§ **PROBLEM DETAILS**: Only the lines from the one containing "تی‌شرت آستین کوتاه" to the end of the material are to be copied, exactly and in full; images stay out.

--- START ---

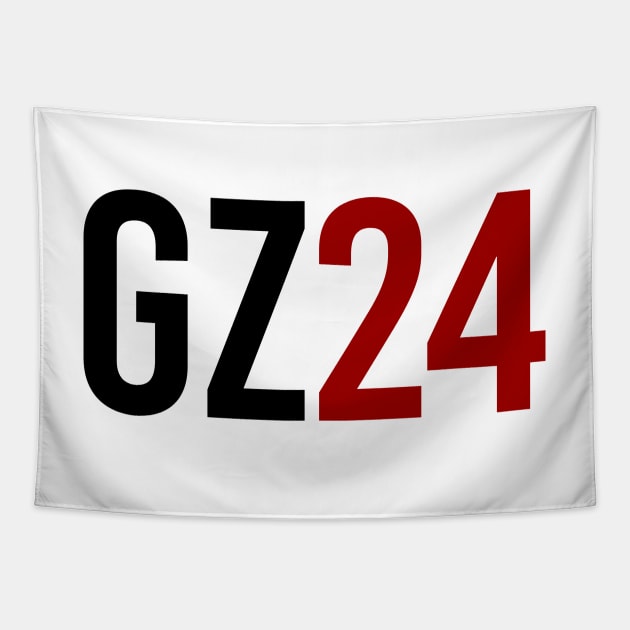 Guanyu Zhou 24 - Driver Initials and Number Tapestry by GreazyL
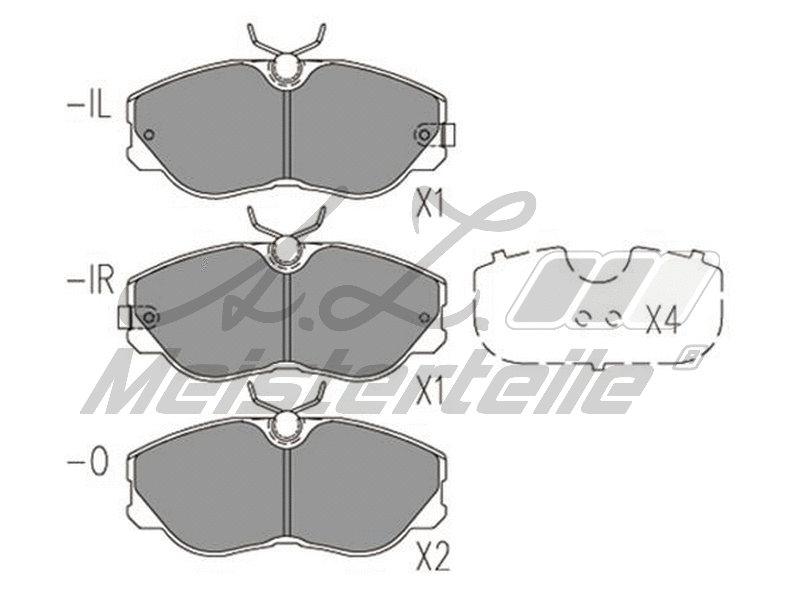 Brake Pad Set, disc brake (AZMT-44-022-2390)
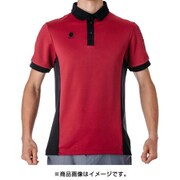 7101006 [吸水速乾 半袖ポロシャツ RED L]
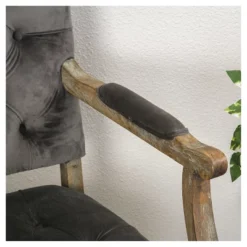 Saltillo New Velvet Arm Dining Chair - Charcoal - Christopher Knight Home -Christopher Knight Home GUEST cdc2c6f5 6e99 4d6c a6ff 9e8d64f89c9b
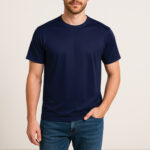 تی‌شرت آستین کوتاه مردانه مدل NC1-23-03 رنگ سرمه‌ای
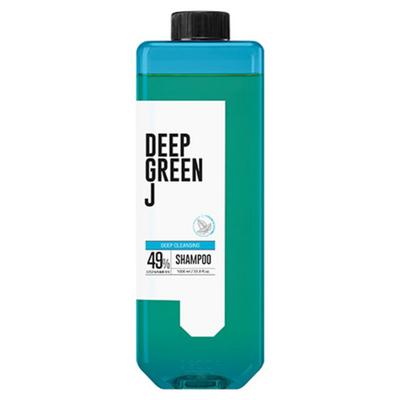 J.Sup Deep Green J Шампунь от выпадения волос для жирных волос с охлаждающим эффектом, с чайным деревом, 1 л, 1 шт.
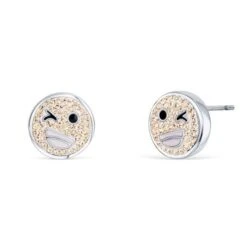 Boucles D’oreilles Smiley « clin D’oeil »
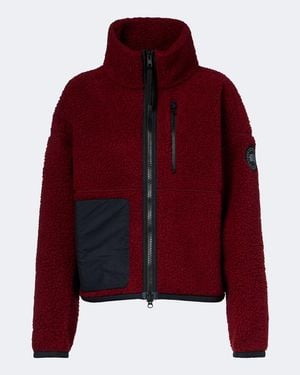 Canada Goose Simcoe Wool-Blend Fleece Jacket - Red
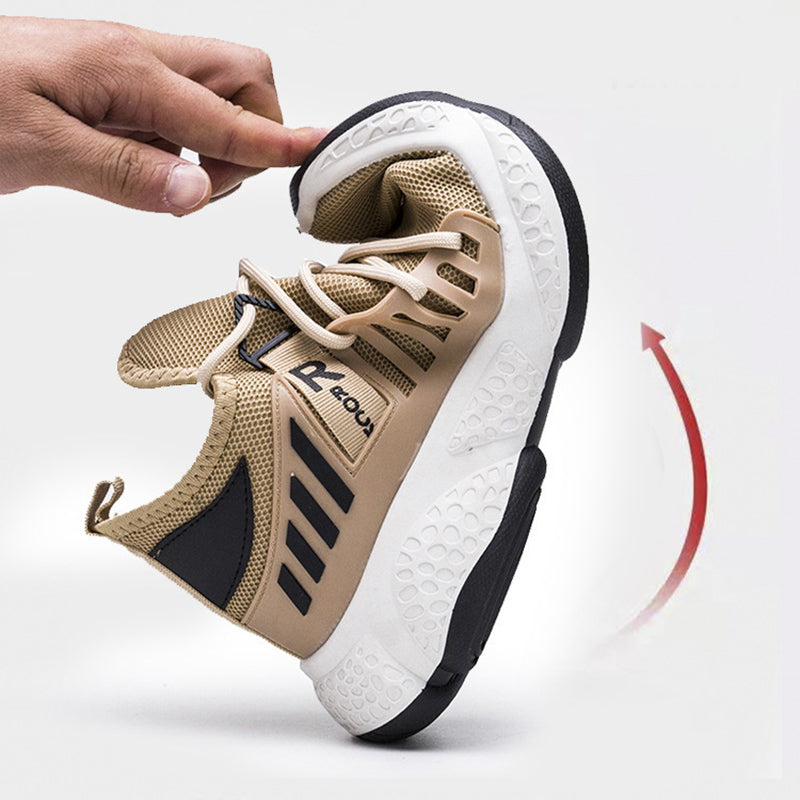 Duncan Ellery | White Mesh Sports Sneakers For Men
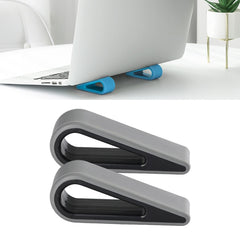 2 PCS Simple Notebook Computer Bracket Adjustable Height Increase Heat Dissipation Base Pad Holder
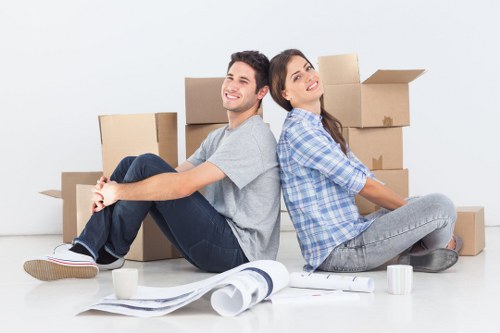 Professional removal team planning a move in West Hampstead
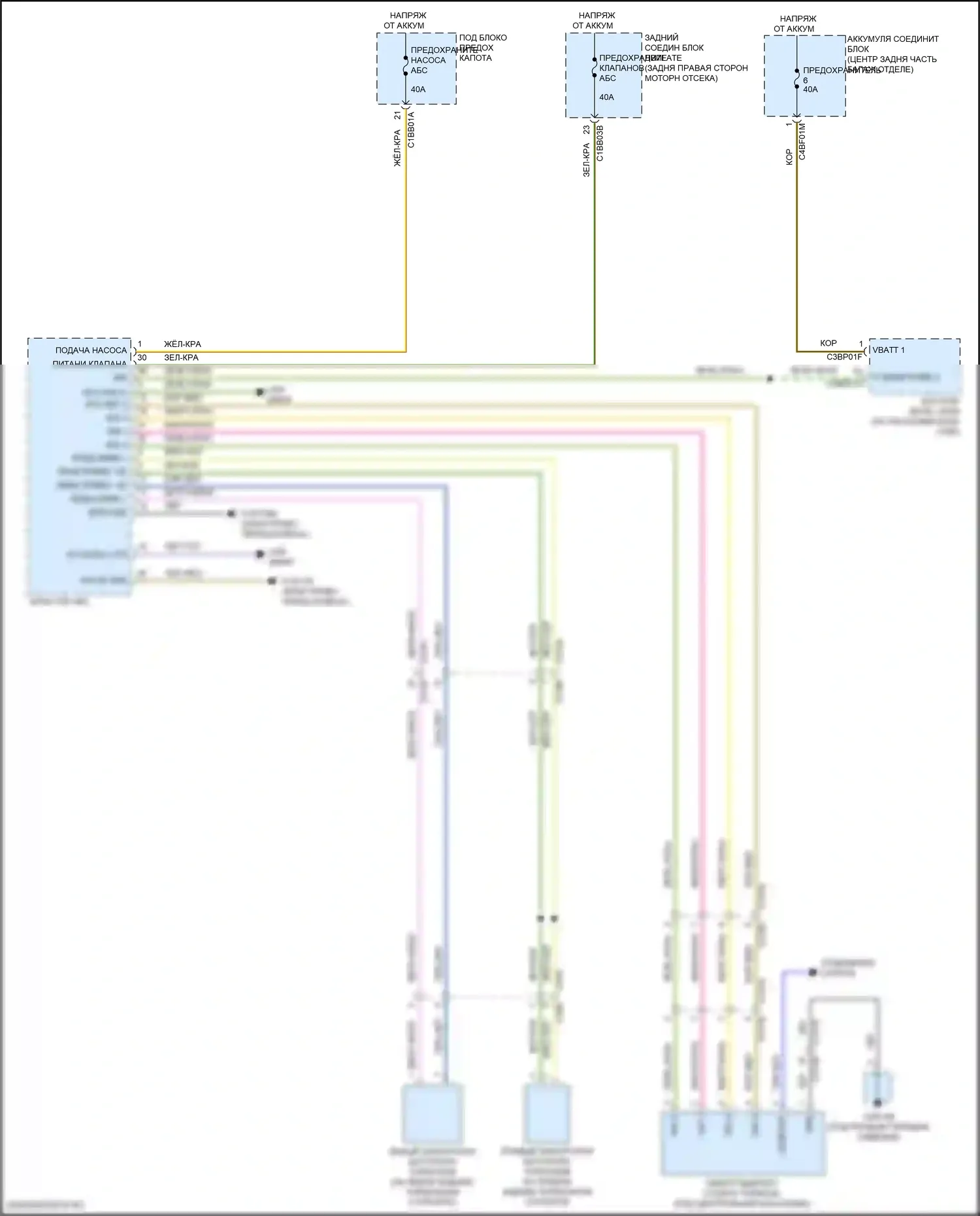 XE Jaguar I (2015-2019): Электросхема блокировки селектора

--- END ---

§ **ANSWER TO THE EXERCISE**:
 تی‌شرت آستین کوتاه مردانه مدل NC1-23-03 رنگ سرمه‌ای
 J.Sup Deep Green J Шампунь от выпадения волос для жирных волос с охлаждающим эффектом, с чайным деревом, 1 л, 1 шт.
 Boucles D’oreilles Smiley « clin D’oeil »
 Canada Goose Simcoe Wool-Blend Fleece Jacket - Red
 Duncan Ellery | White Mesh Sports Sneakers For Men
 2 PCS Simple Notebook Computer Bracket Adjustable Height Increase Heat Dissipation Base Pad Holder
 Professional removal team planning a move in West Hampstead
 XE Jaguar I (2015-2019): Электросхема блокировки селектора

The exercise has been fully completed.